Open source AI agent testing and conversation simulation platform
OneRun helps you test, evaluate, and improve your AI agents through realistic conversation simulation at scale.
- Simulate realistic user conversations with your AI agents across diverse personas and scenarios
- Generate evaluation datasets with judge-labeled conversations for testing and benchmarking
- Create training data for fine-tuning with preference pairs, critique-and-revise triples, and clean JSONL exports
- Automate QA testing by running hundreds of conversations per build to catch issues before production
- Surface edge cases that manual testing misses through adversarial and varied interaction patterns
- Docker and Docker Compose
- Node.js 22+ (for local development)
- Python 3.12+ (for local development)
Copy the environment variables:
# In the docker directory
cd docker
cp .env.example .env
Edit .env with your configuration values.

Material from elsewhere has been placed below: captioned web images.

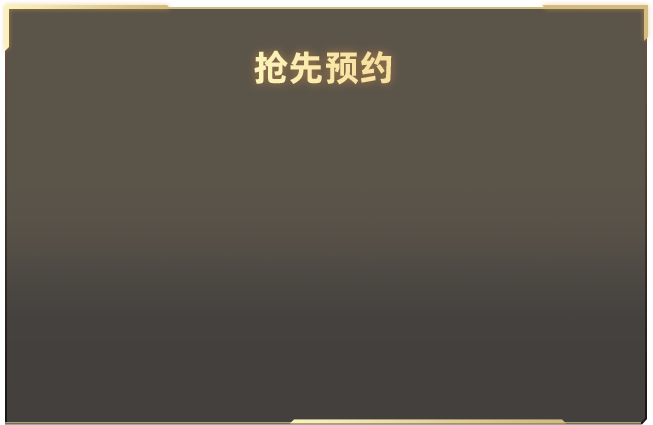 常石磊说没听过李宇春的歌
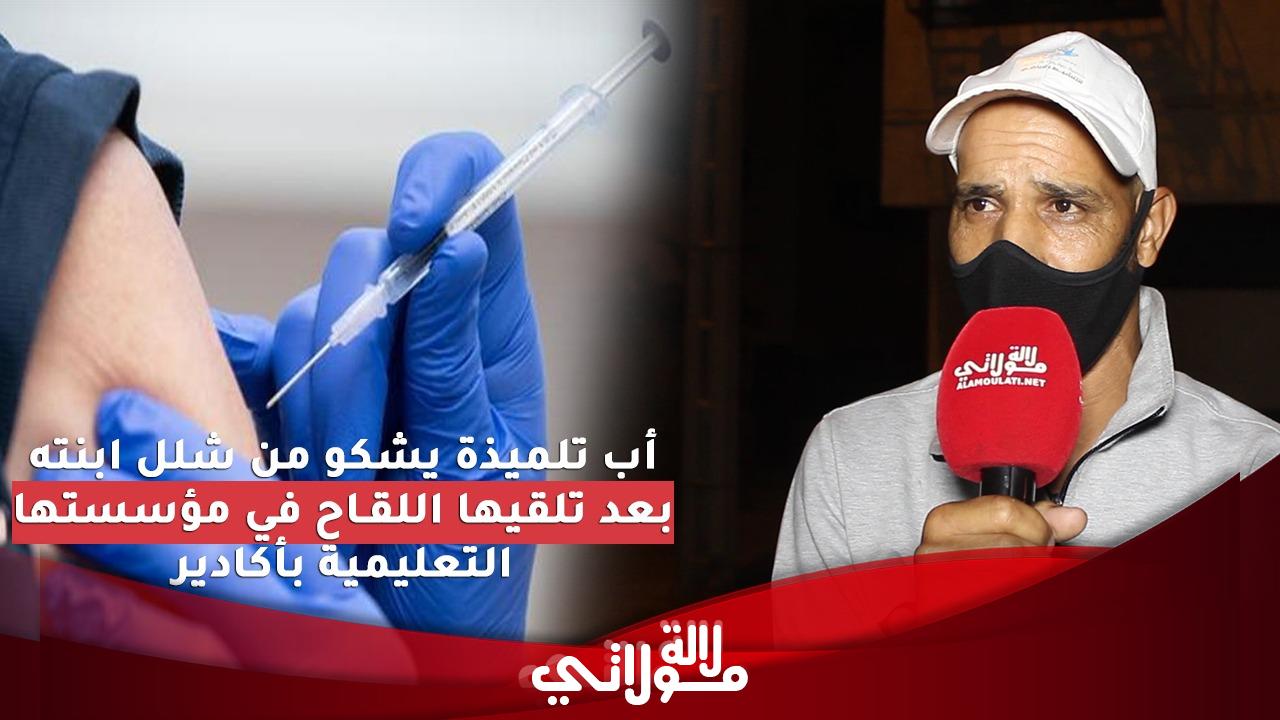 إصابة تلميذة بالشلل بعد تلقيها جرعة اللقاح ضد كورونا بمدينة أكادير 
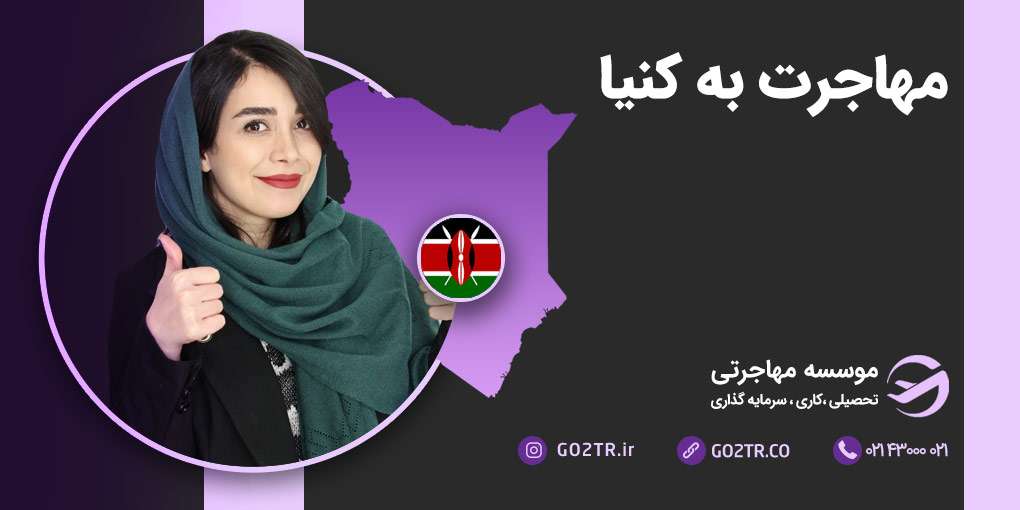 مهاجرت به کنیا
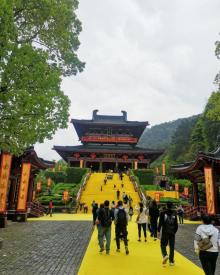 仙都景区24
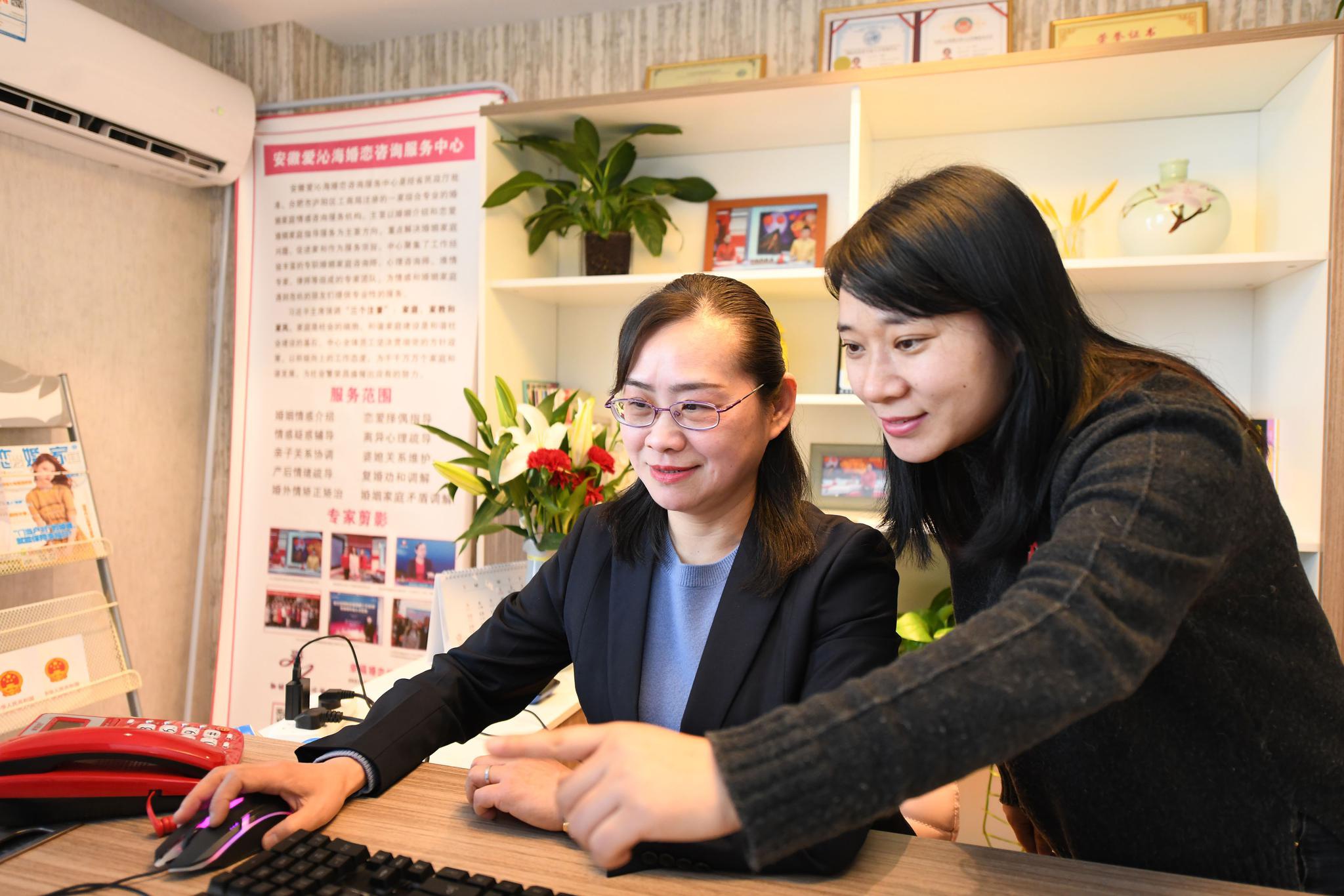 合肥爱沁海婚姻咨询服务中心负责人周利表示,我们秉承挽救可以挽救的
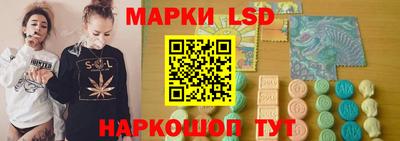 мефедрон мука Кумертау
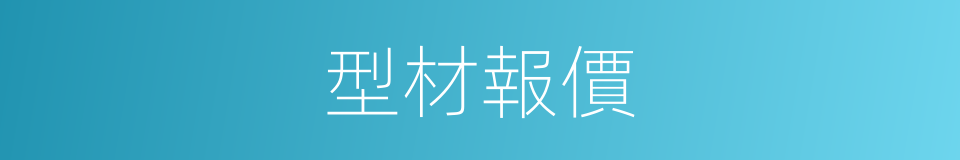 型材報價的同義詞
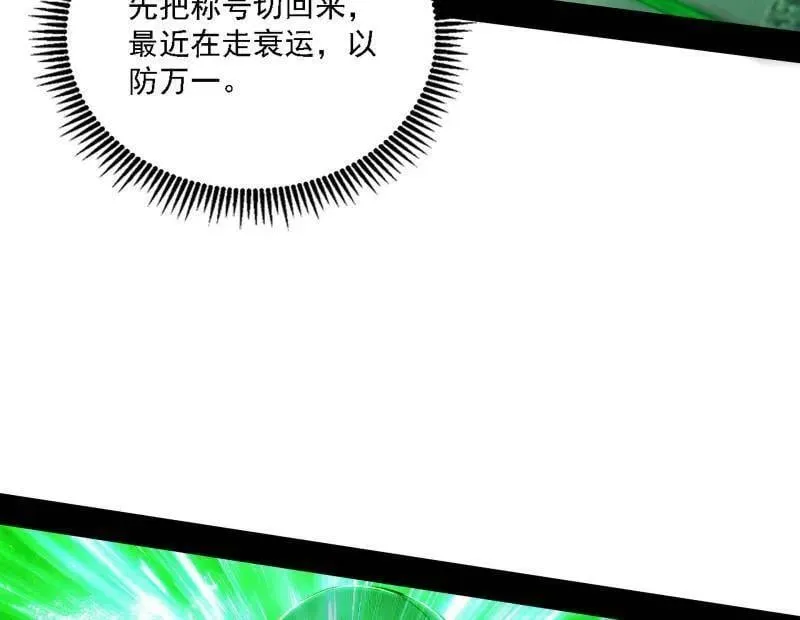 第545话 无余涅槃与羽衣精之死59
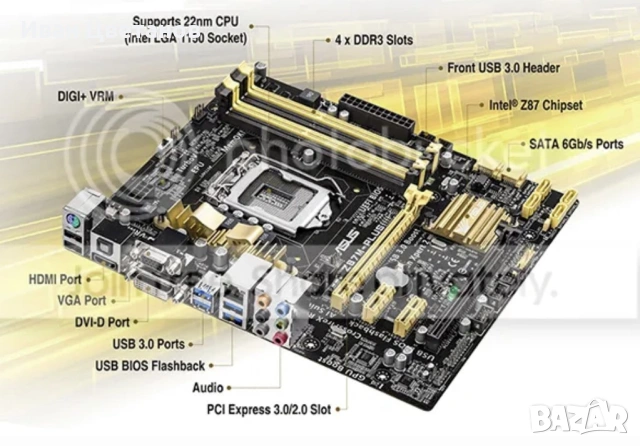 Asus дъно+процер, охладител и памет, снимка 8 - Дънни платки - 54070953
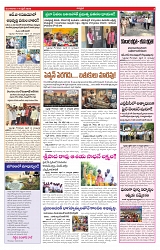 VARTHA PRABHA 14-4-26-1_compressed_page-0003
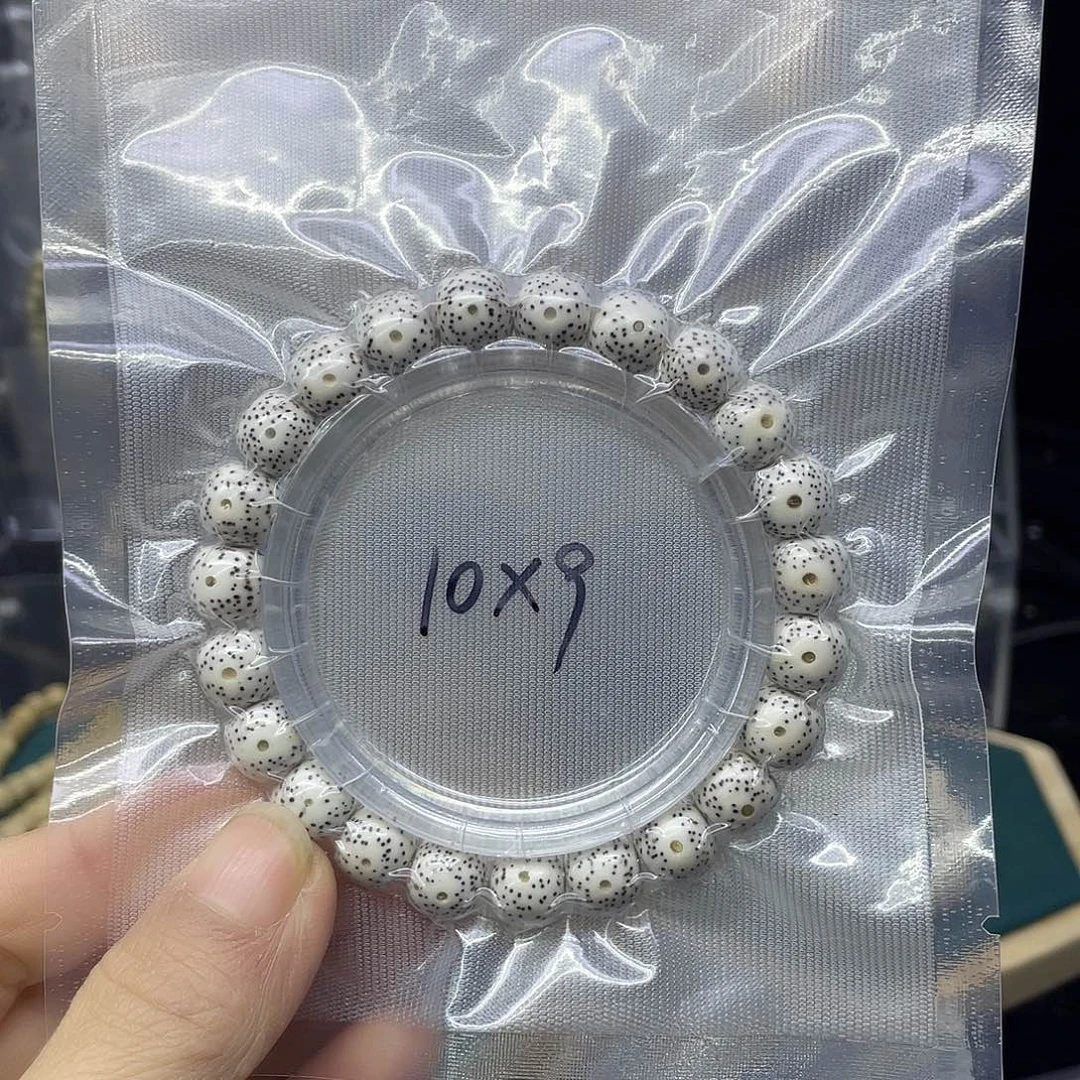 吊坠星月菩提原生态10.9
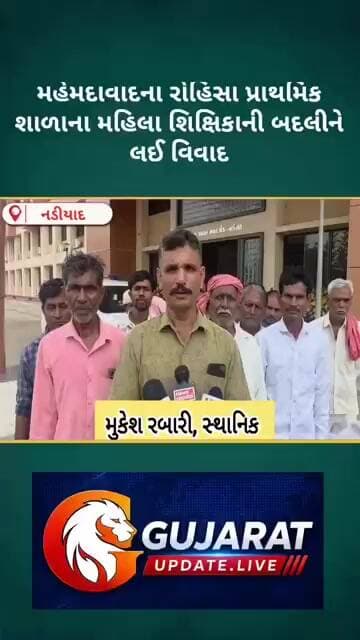 મહેમદાવાદ : રોહિસા ગામે પ્રાથમિક શાળાના એચ - ટાટ મહિલા શિક્ષિકા ની બદલીને લઈ વિવાદ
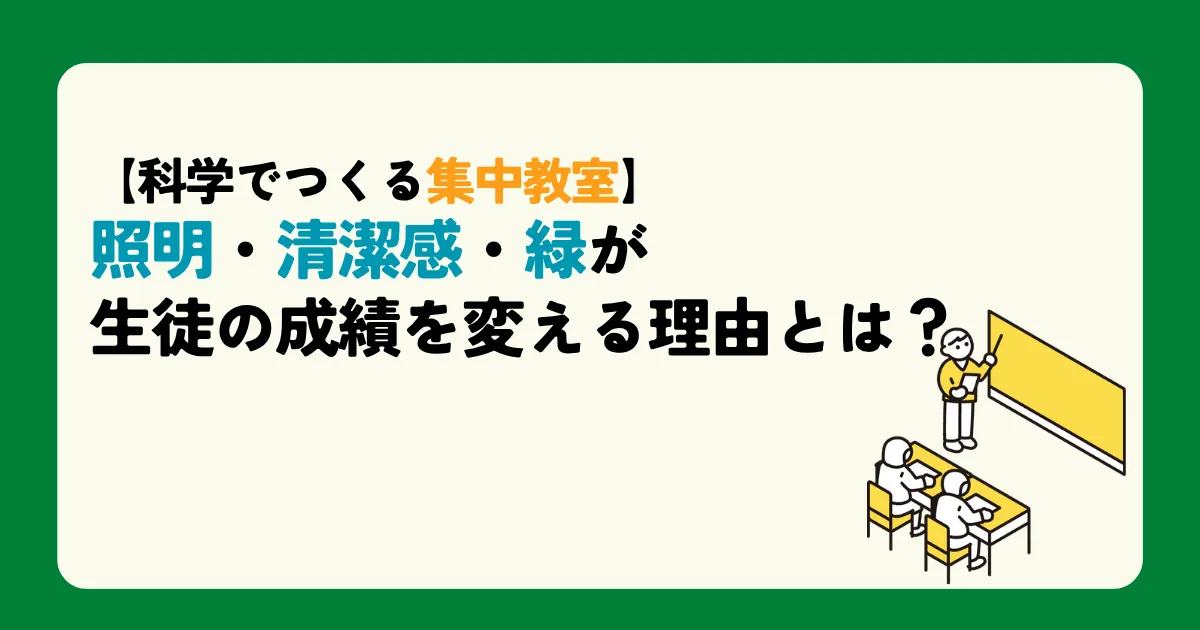 【科学でつくる集中教室】照明・清潔感・緑が生徒の成績を変える理由とは?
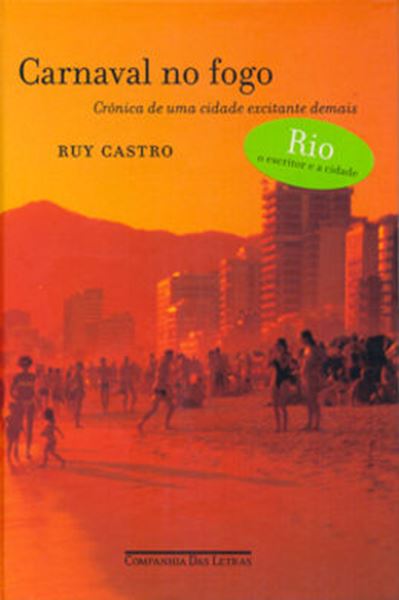 Picture of CARNAVAL NO FOGO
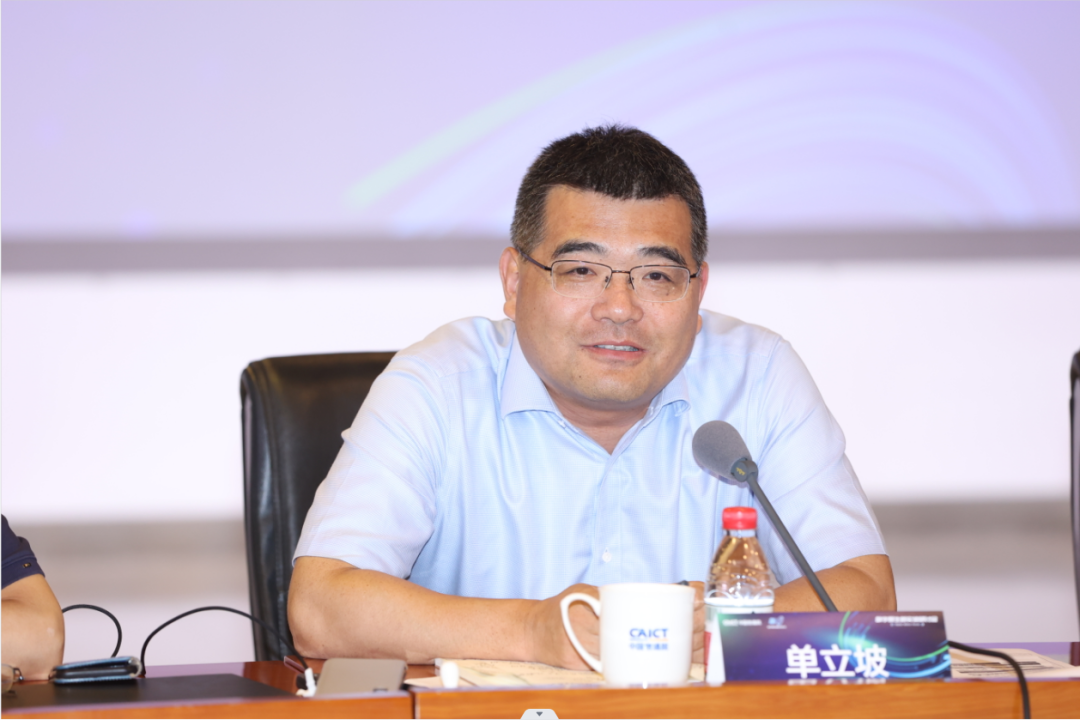 微信圖片_20220819113515.png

First, start the Temporal server (required for workflow processing):
cd docker/temporal
docker compose up -d
Verify Temporal is running:
- Temporal UI: http://localhost:8080
- Temporal should show as "healthy" in docker compose ps
From the main docker directory:
cd docker
docker compose up
This will start:
- Database (PostgreSQL on port 5432)
- API (FastAPI on port 3001)
- App (Next.js on port 3000)
- Frontend: http://localhost:3000
- API: http://localhost:3001
- API Docs: http://localhost:3001/docs
- Temporal UI: http://localhost:8080
cd api
# Install dependencies
uv sync
# Run with auto-reload
make dev
cd app
# Install dependencies
pnpm install
# Run development server
pnpm dev
cd api
# Run migrations
make migrate-up
# Rollback migrations
make migrate-down
├── api/ # FastAPI backend
├── app/ # Next.js frontend
├── docker/ # Docker Compose configurations
│ ├── temporal/ # Temporal server setup
│ └── docker-compose.yml
├── python-sdk/ # Python SDK for workflows
└── README.md
# Stop OneRun services
cd docker
docker compose down
# Stop Temporal services
cd docker/temporal
docker compose down